Panic when RUF100 check encounters carriage return
Another one from #1206
echo -e 'foo = """\r"""' | cargo run -- - --select RUF100 --fix
thread 'main' panicked at 'index out of bounds: the len is 1 but the index is 1', src/check_lines.rs:125:66
Not sure how likely this is to be an issue in practice. I think I'm doing something suboptimal to the input/output of the test runner over at #1206 and when testing the W605_1.py it eventually ends up in output similar to the minimal testcase.
Python will happily execute it though.
$ echo -e 'foo = """\rhello world""";print(foo)' | python
hello world
I was hoping this could be something https://github.com/charliermarsh/ruff/issues/76 could surface, but my attempts so far weren't successful in producing anything with it that shows a problem.
Does this have to do with passing over stdin? And how the strings are interpreted? It seems fine if I paste these contents into foo.py and run Ruff over that.
It's not about stdin, let me attach that in the hopes that github doesn't mess with it.
Most editors would show this like this. There is a \r after the opening quotes that is causing a line break, but it's not a typical newline ending (\r\n on windows, \n on linux machines).
foo = """
hello world""";print(foo)
I noticed that latest main doesn't have the issue anymore. bisect suggests that 9cb18a481b8241608ad8964d3f107247e758a251 fixed this issue.
It's odd because in https://github.com/charliermarsh/ruff/commit/7e45a9f2e2d536c06660ccff04b499f52e6d5a6f, I was able to re-enable the Black compatibility test for W605_1.py, but I didn't really understand why. After https://github.com/charliermarsh/ruff/commit/9cb18a481b8241608ad8964d3f107247e758a251, I had to re-add it, even though it seemed to work fine for me when I ran the series of commands manually. Maybe related somehow?
I guess we can close this though?
W605_1.py is the only test fixture that uses CRLF line endings, all the others just use LF. So I think there is still something odd going on.

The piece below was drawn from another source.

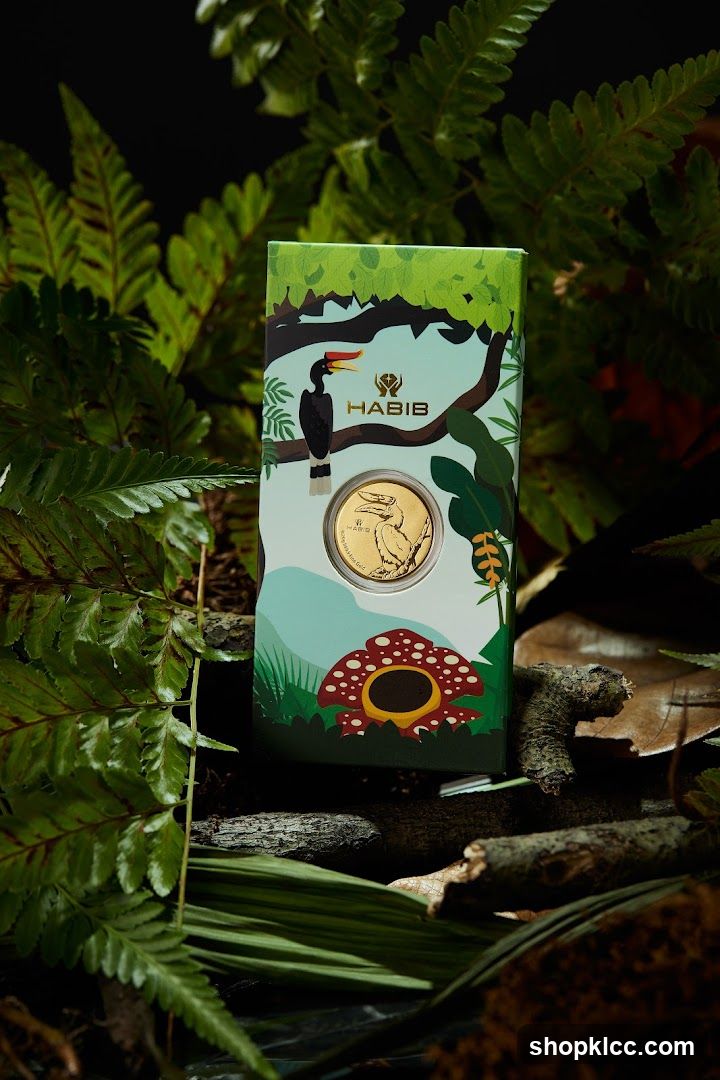 Gold Coin Packaging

❯ find resources/test/fixtures/ -iname "*.py" -exec file {} \; | grep CRLF
resources/test/fixtures/pycodestyle/W605_1.py: ASCII text, with CRLF line terminators
One "fix" for this is to replace the CRLF line endings in that fixture file with LF, for example using dos2unix.
❯ dos2unix resources/test/fixtures/pycodestyle/W605_1.py
dos2unix: converting file resources/test/fixtures/pycodestyle/W605_1.py to Unix format...
❯ cargo test --package ruff --test black_compatibility_test -- --ignored
Compiling ruff v0.0.185 (/home/squiddy/projects/ruff)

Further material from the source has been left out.